[[ The input open ]]

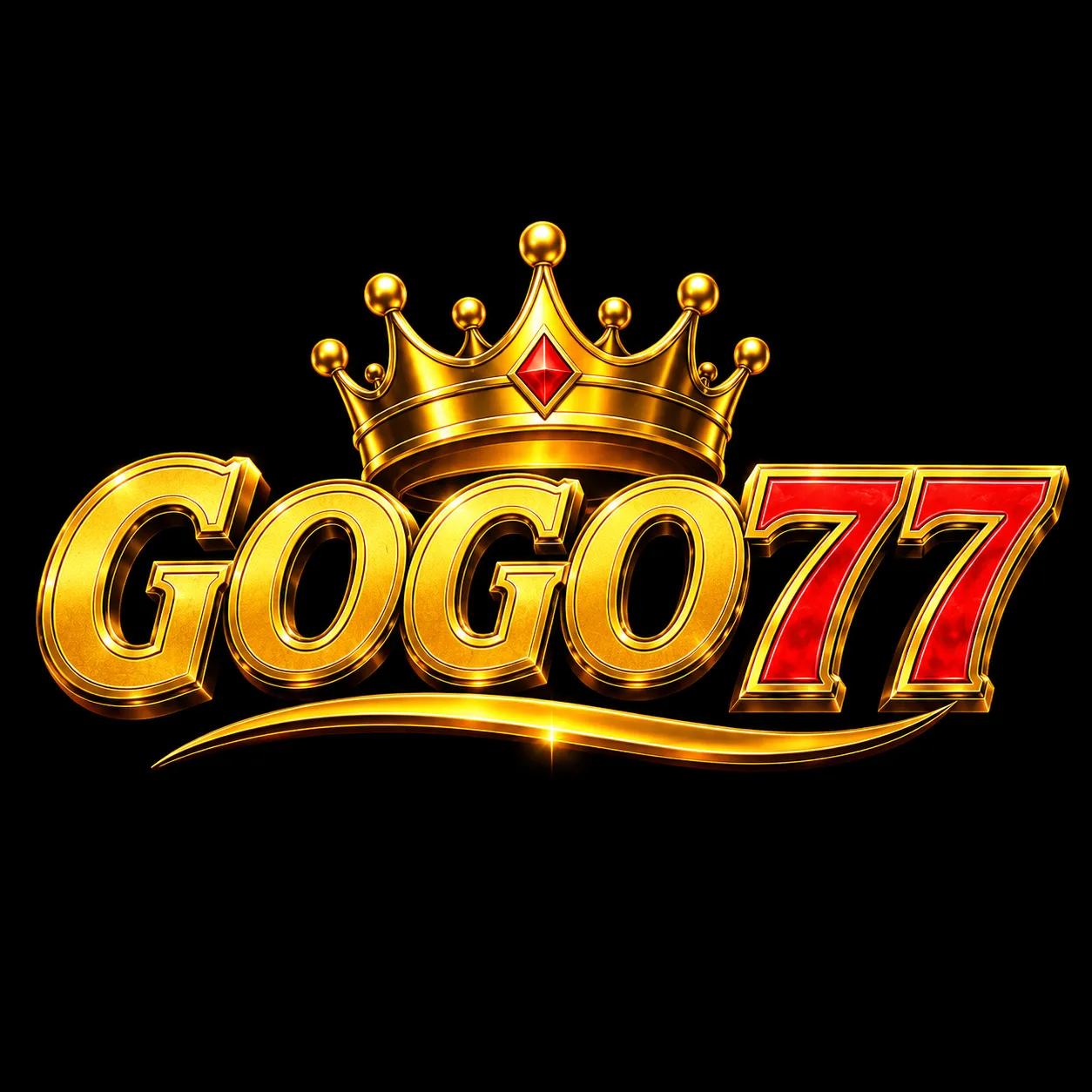 GOGO77 - Kesenangan Tanpa Henti di Game Casual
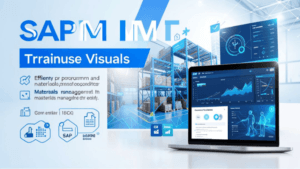 SAP MM Course Training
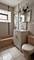 5645 N Central Unit 1E, Chicago, IL 60630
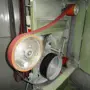 thumbnail-Machines from the surface technology sector-4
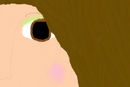 eye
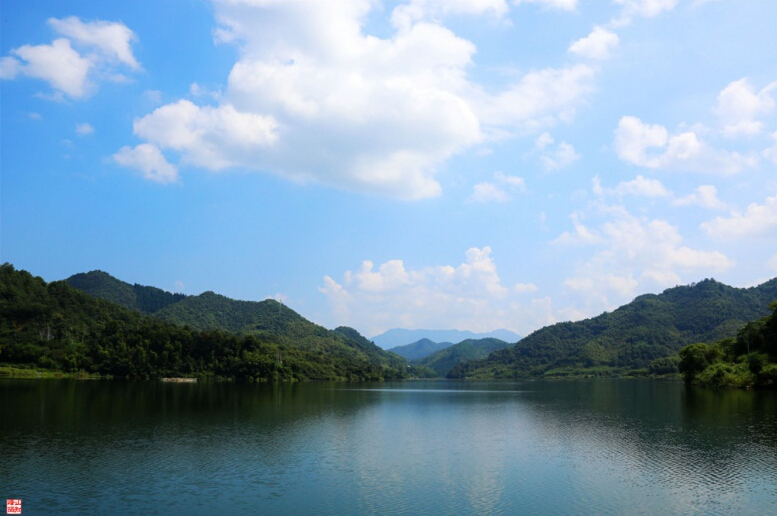 安徽省宁国市介绍,宁国为什么排在安徽百强县第一位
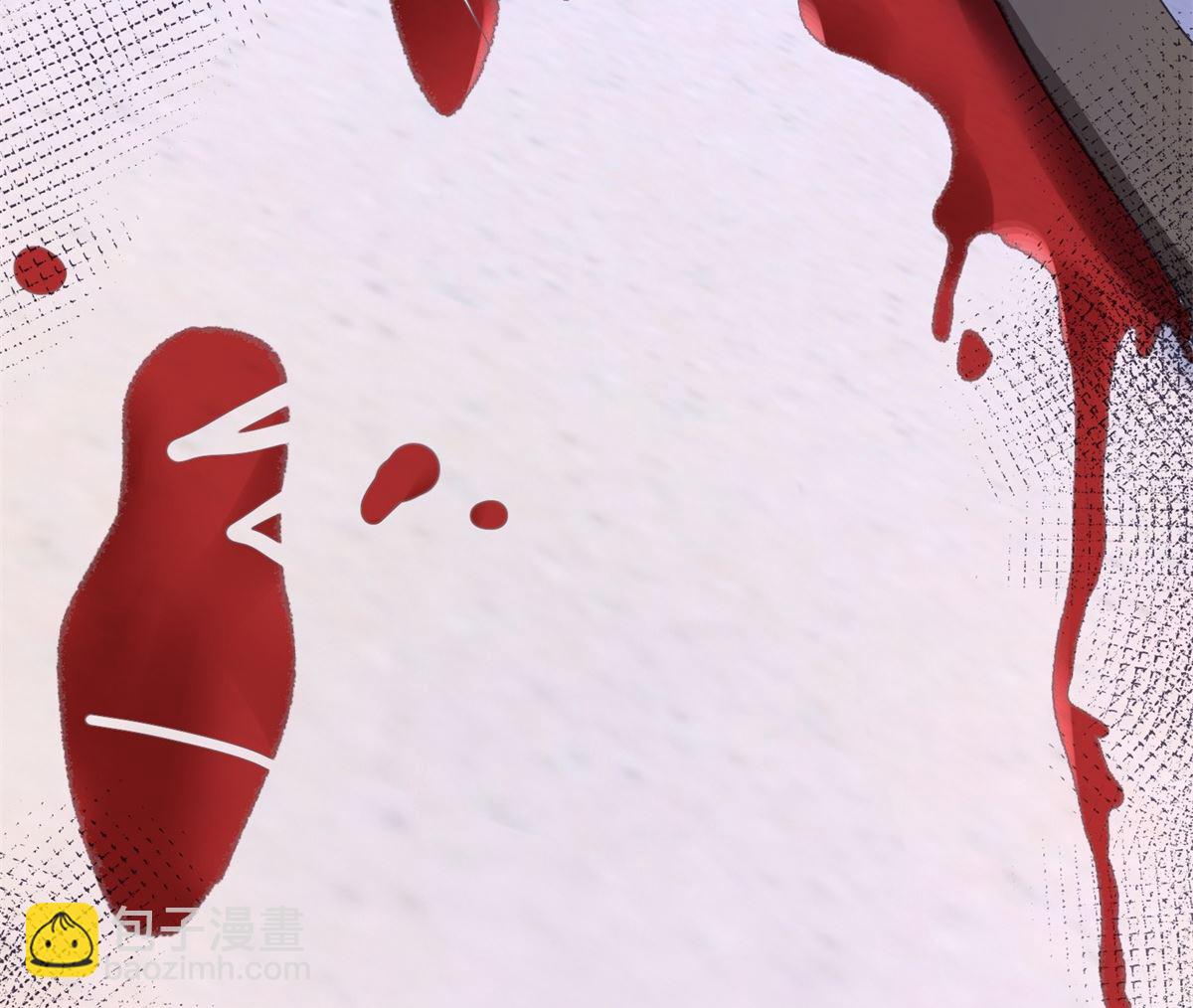 第312话 江家人31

[[ The input closed ]]

• Work required: A word-for-word copy of the records is needed, one that contains no pictures.

• Exercise solution:
 GOGO77 - Kesenangan Tanpa Henti di Game Casual
 SAP MM Course Training
 5645 N Central Unit 1E, Chicago, IL 60630
 thumbnail-Machines from the surface technology sector-4
 eye
 安徽省宁国市介绍,宁国为什么排在安徽百强县第一位
 第312话 江家人31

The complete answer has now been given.